**Exercise aim**. The pictures in the listing below are to be skipped, while the lines between the line holding "خرید و دانلود" and the line holding "Night Guardian: Huawei", inclusive, are to be output exactly.

Records to use START

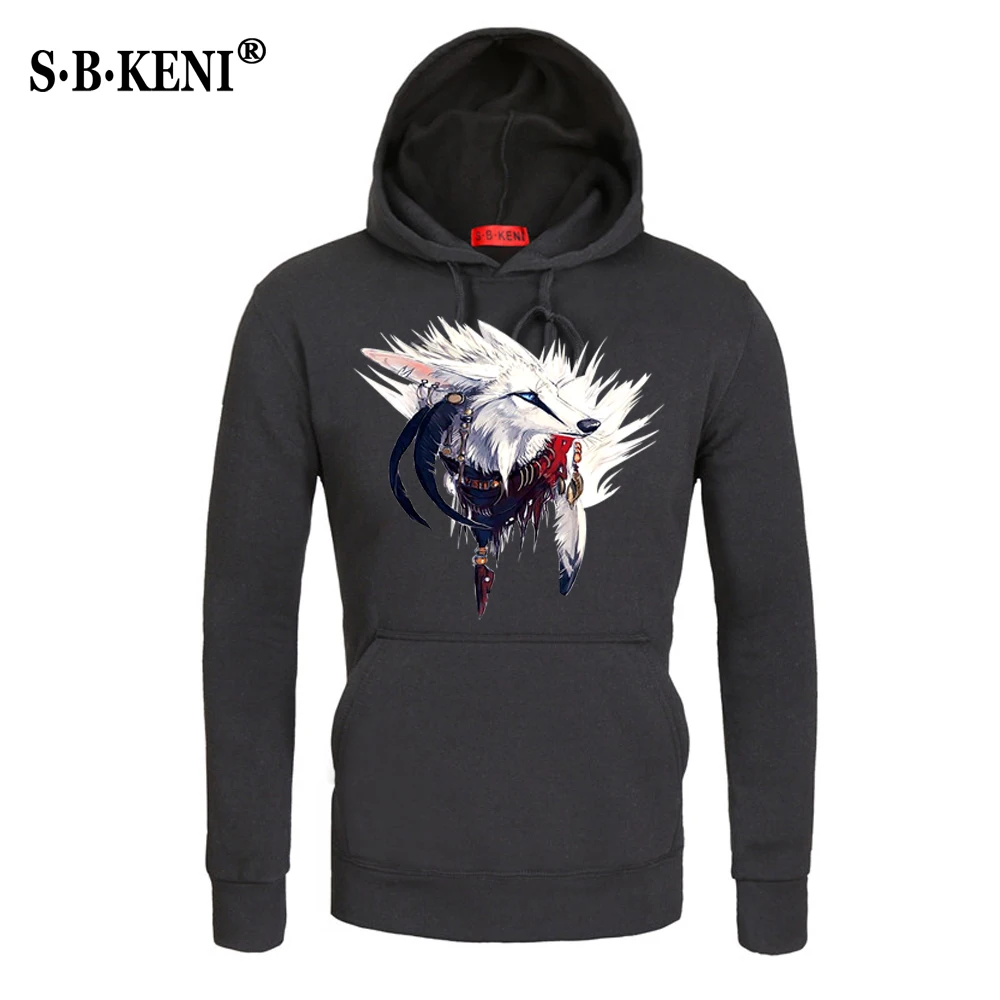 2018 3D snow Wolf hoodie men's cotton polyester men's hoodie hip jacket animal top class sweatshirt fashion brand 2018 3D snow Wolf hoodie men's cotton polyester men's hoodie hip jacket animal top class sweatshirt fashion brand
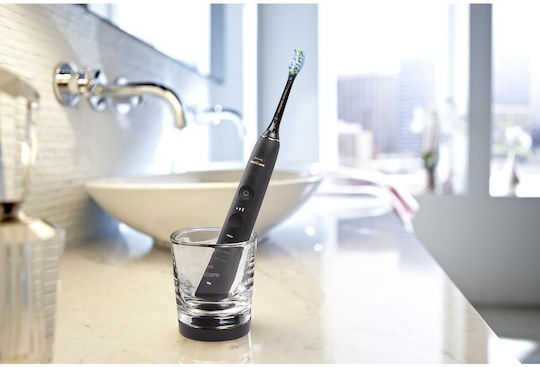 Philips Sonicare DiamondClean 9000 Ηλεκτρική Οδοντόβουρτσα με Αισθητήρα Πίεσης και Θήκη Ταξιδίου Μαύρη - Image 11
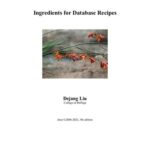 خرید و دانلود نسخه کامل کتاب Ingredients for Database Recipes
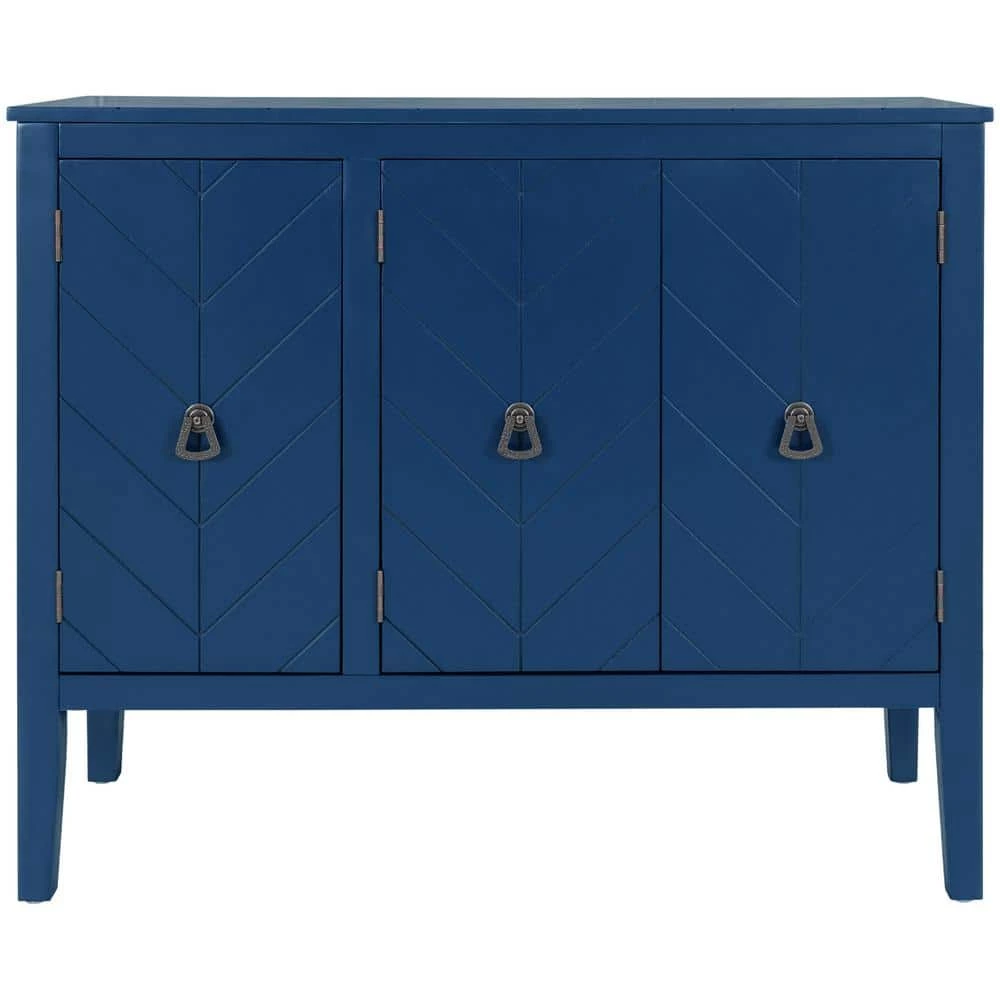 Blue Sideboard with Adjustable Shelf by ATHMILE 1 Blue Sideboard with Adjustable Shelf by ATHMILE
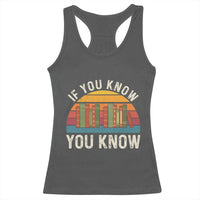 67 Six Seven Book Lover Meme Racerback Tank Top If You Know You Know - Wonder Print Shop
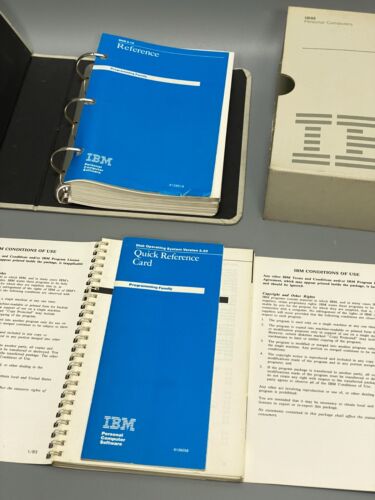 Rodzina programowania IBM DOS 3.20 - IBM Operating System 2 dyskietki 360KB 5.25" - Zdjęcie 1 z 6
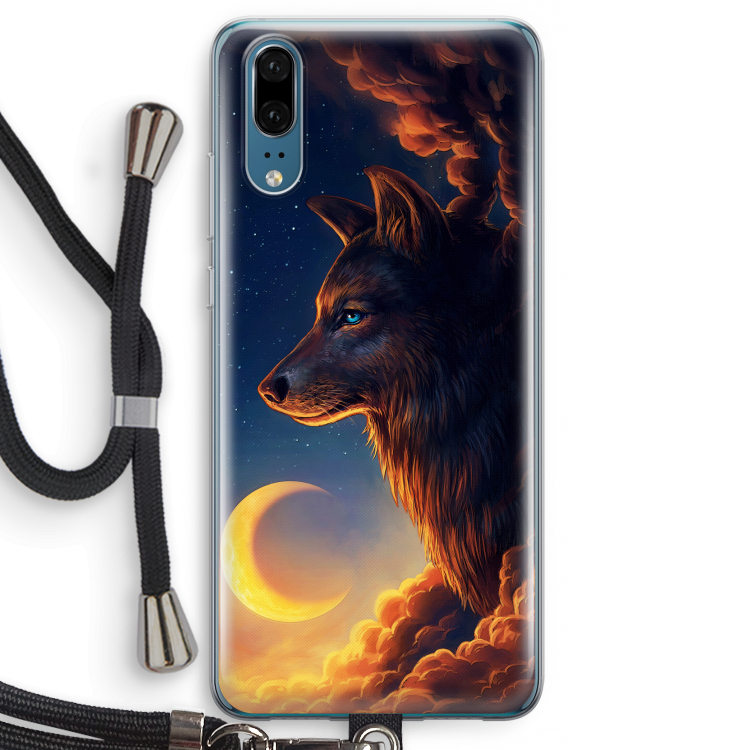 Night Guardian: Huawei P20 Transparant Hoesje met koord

Records to use END
Records to use START

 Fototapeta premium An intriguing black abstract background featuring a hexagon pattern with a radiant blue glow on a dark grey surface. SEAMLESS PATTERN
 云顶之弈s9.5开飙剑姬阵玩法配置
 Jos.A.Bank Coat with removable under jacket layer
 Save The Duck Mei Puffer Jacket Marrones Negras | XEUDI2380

Records to use END

**Your response**.
 خرید و دانلود نسخه کامل کتاب Ingredients for Database Recipes
 Blue Sideboard with Adjustable Shelf by ATHMILE 1 Blue Sideboard with Adjustable Shelf by ATHMILE
 67 Six Seven Book Lover Meme Racerback Tank Top If You Know You Know - Wonder Print Shop
 Rodzina programowania IBM DOS 3.20 - IBM Operating System 2 dyskietki 360KB 5.25" - Zdjęcie 1 z 6
 Night Guardian: Huawei P20 Transparant Hoesje met koord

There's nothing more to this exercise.